ITA (Instituto Tecnológico de Aeronáutica) oficializou, via Decreto nº 11.887/2024, a criação de um campus em Fortaleza, consolidando a primeira unidade fora de São José dos Campos e quebrando um eixo histórico de concentração acadêmica no Sudeste.

  • Em resumo: a nova sede promete formar engenheiros de elite e impulsionar o hub tecnológico cearense.

Por que Fortaleza foi escolhida

A capital cearense reúne porto digital, cabos submarinos de dados e incentivos fiscais que atraem big techs globais. Dados compilados pelo Canaltech apontam que o Nordeste já responde por 13% das novas startups brasileiras, e Fortaleza lidera esse movimento, fator decisivo para o ITA mirar o local.

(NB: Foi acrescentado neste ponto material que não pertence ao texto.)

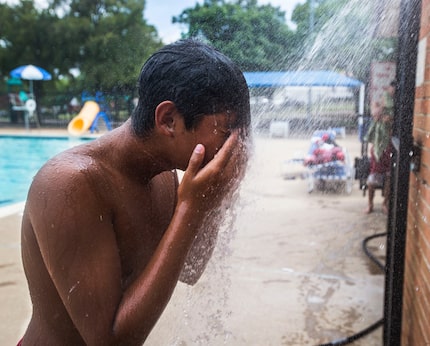 Lifeguard Moises Zambrano rinses off after swimming laps while working at the Bonnie View...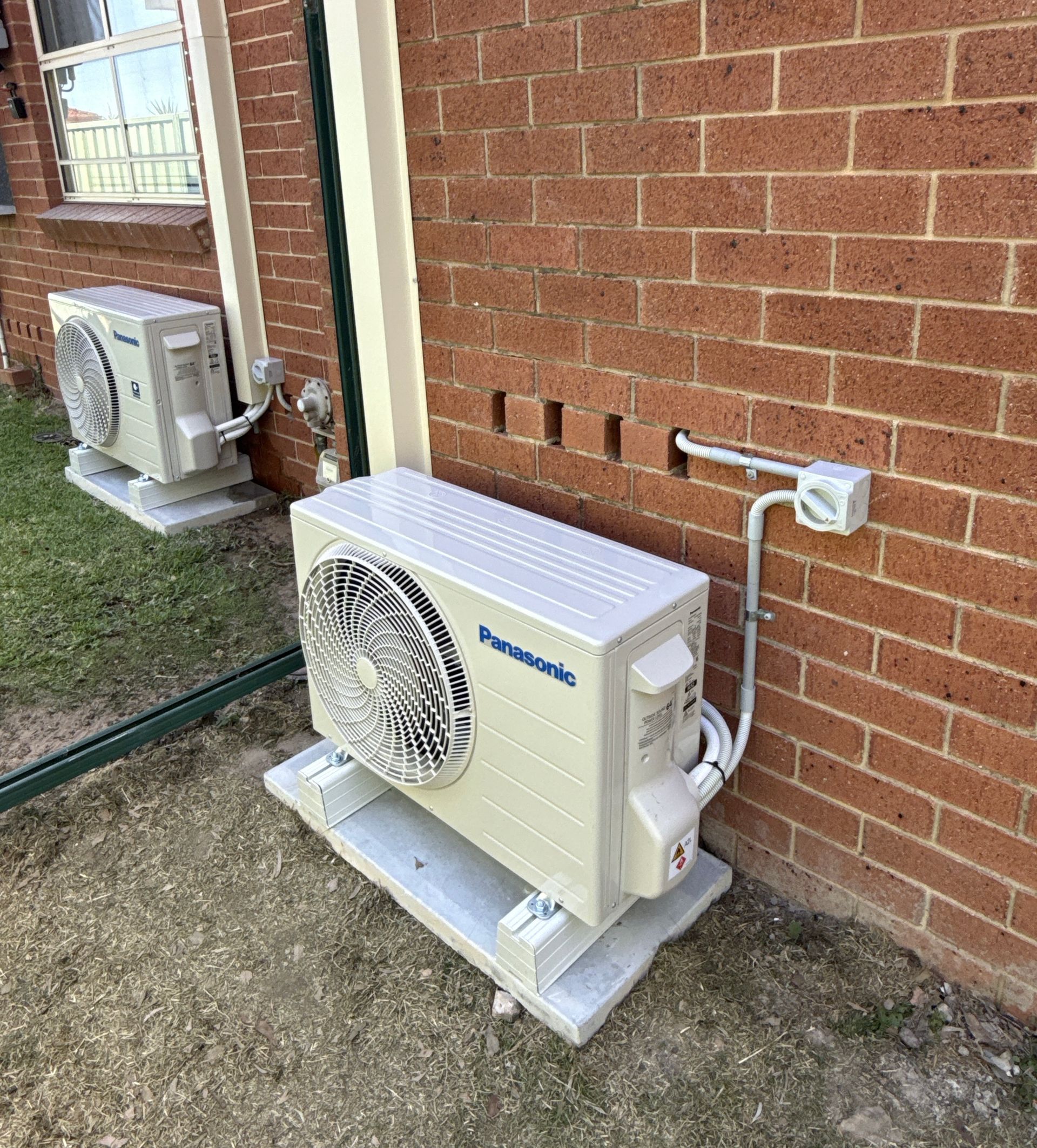 Two White Outdoor HVAC Units Beside a Brick Building Wall on Gravel Ground — Deltech HVACR in Central Coast, NSW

“O Decreto nº 11.887/2024 marca um novo capítulo para a engenharia nacional ao ampliar o acesso a formações de alta complexidade fora do eixo Rio-São Paulo”, consta da publicação oficial no Diário da União.

Impacto imediato: mercado, defesa e talentos

Com a chegada do ITA, estima-se a criação de 1,2 mil vagas diretas em pesquisa aeroespacial e defesa até 2027, segundo projeção do Governo do Ceará. O Estado já abriga a Base Aérea de Fortaleza e centros de pesquisa em energias renováveis, o que facilita sinergias estratégicas. Além disso, a presença do instituto pode reduzir o êxodo acadêmico nordestino, historicamente migrado para o Sudeste em busca de cursos de ponta.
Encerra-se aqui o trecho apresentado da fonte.